After all, awareness is growing everywhere. Just under three-quarters (73%) of major global businesses report that cybersecurity features in board meetings at least quarterly. Plus senior decision-makers have both a personal and professional stake in defending against cybercrime: Target’s CEO Gregg Steinhafel was fired in 2014 following a data breach that affected 40 million customers and the company’s CIO Bob DeRodes was replaced by an executive with a very strong background in information security.

How do you manage the cybersecurity sell?

The CSO/CISO/CIO is more interested in cybersecurity than in your core product proposition, so be sure to prepare marketing and sales collateral that answers this buyer’s specific needs. You see B2B brands now talking cybersecurity through forbidding colours and imagery. One great example is HP’s ‘The Wolf’ campaign – putting the cybercrime sell on a range of office printers.

But it doesn’t all hinge on flashy events or big-budget influencers. Thought leadership via PR, content and social media is an excellent way to position your business as a cybercrime-conscious brand.

Remember that playing off fear in advertising is a delicate art.

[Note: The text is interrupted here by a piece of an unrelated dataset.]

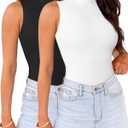 WAYMAKER Mock Neck Bodysuits for Women Sleeveless Basic Tank Top Body Suit Shirts (Medium, Black,white)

It can certainly be done badly; but if the fear is of a genuine and present threat, and if your product solves that problem, it would be imprudent not to flag it to the relevant buyer.

So by building your campaign around your buyer’s interests, positioning your brand and your product accordingly, and reflecting this understanding in your creative, you’ll stand a good chance of winning contracts based on the cybersecurity sell.